→ ABOUT THIS EXERCISE
Return the entries below in their exact form, leaving the pictures out.
____ RECORD SET
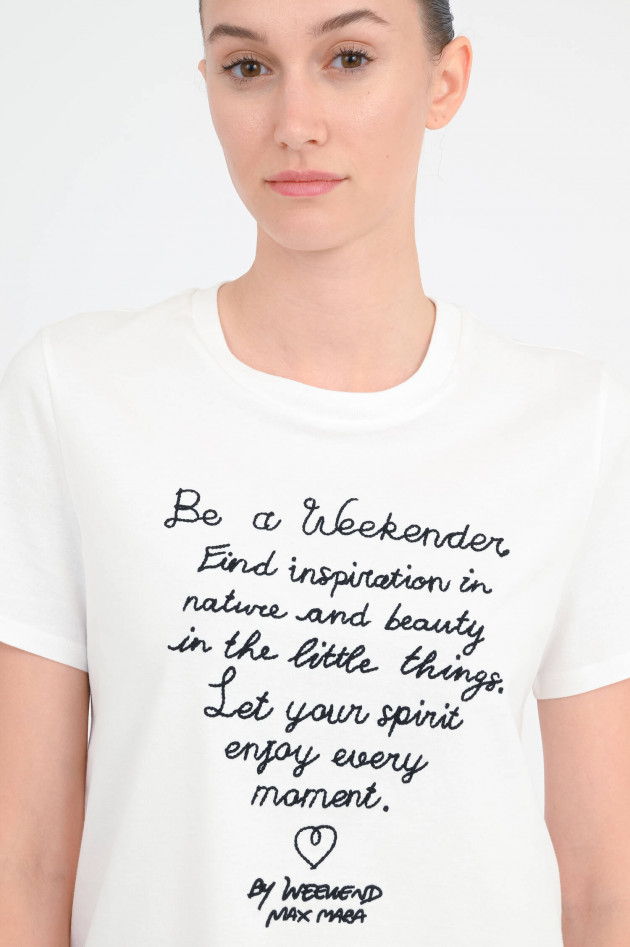 Max Mara Weekend T-Shirt ARA mit Schriftzug in Weiß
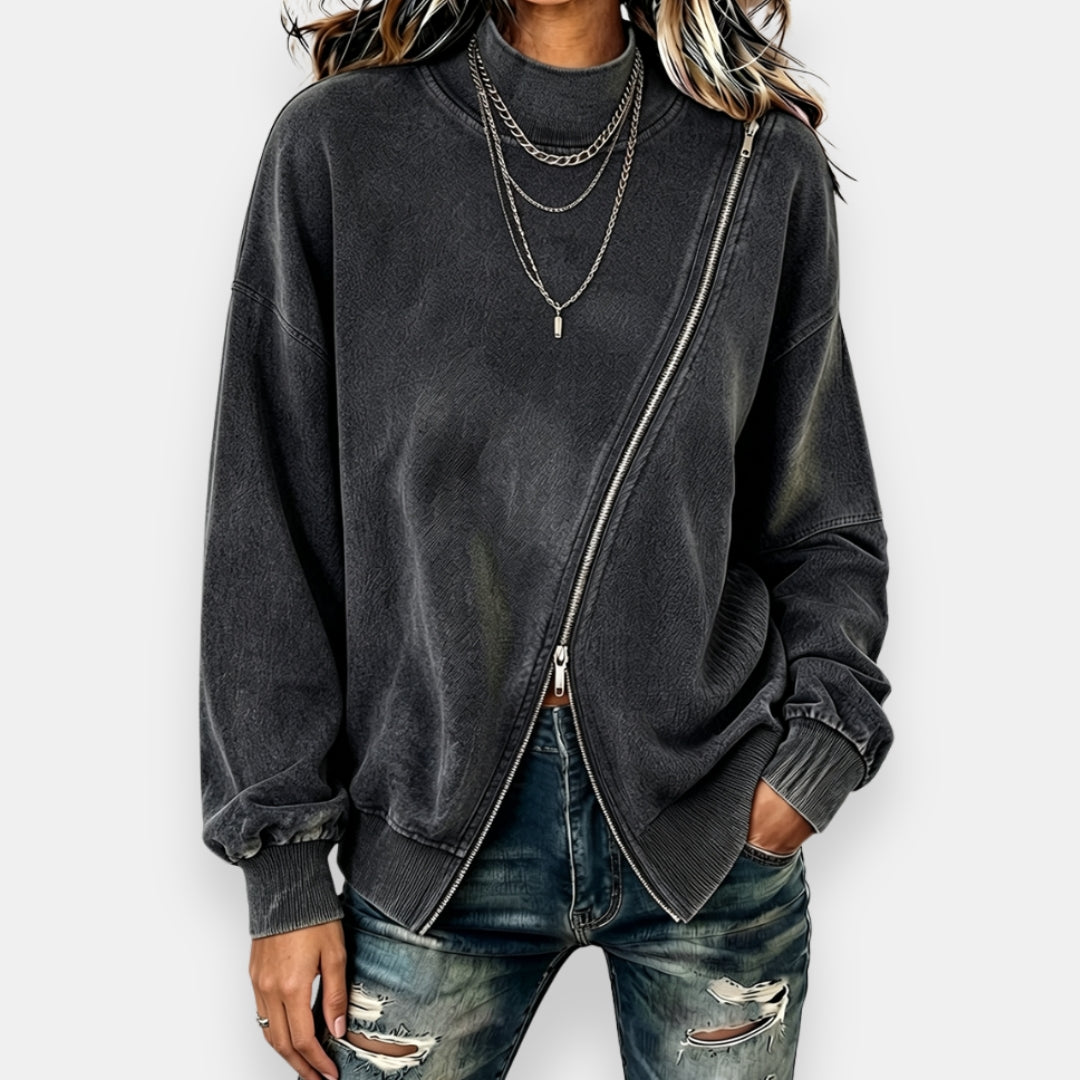 Sweat femme oversize à zip asymétrique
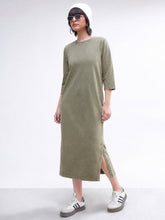 Women Green Overdyed Long Sleeves T-Shirt Maxi Dress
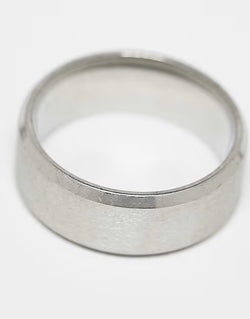 Lost Souls Matte Band Ring with Angled Edges in Stainless Steel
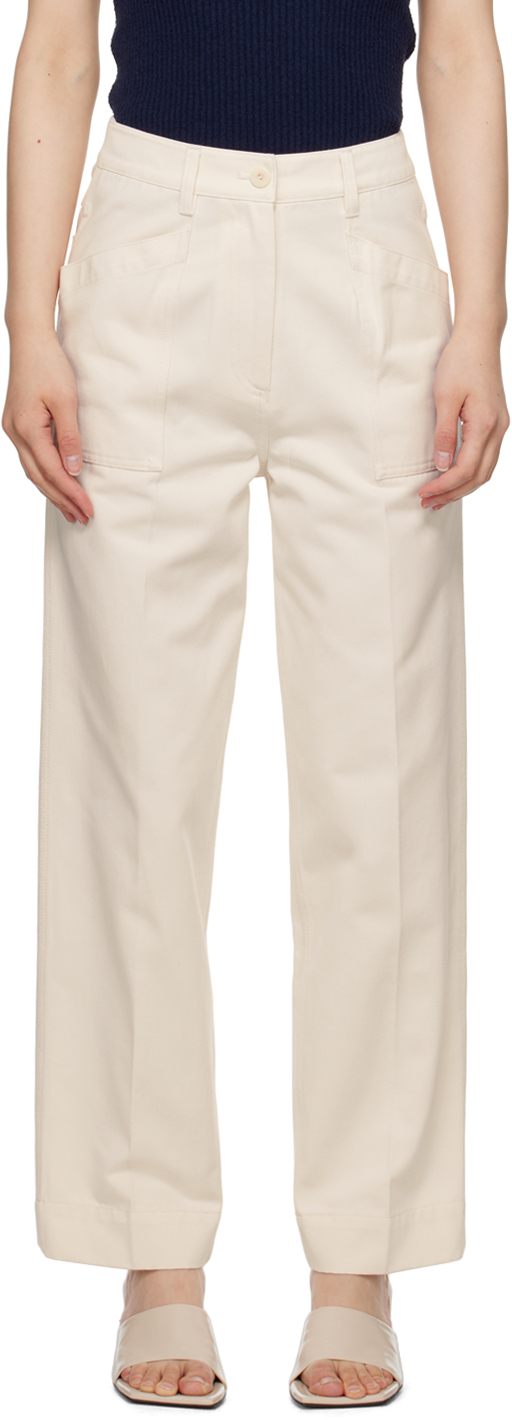 Shop Nothing Written White Bas Trousers In Cream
________
→ OUTPUT BELOW
 Max Mara Weekend T-Shirt ARA mit Schriftzug in Weiß
 Sweat femme oversize à zip asymétrique
 Women Green Overdyed Long Sleeves T-Shirt Maxi Dress
 Lost Souls Matte Band Ring with Angled Edges in Stainless Steel
 Shop Nothing Written White Bas Trousers In Cream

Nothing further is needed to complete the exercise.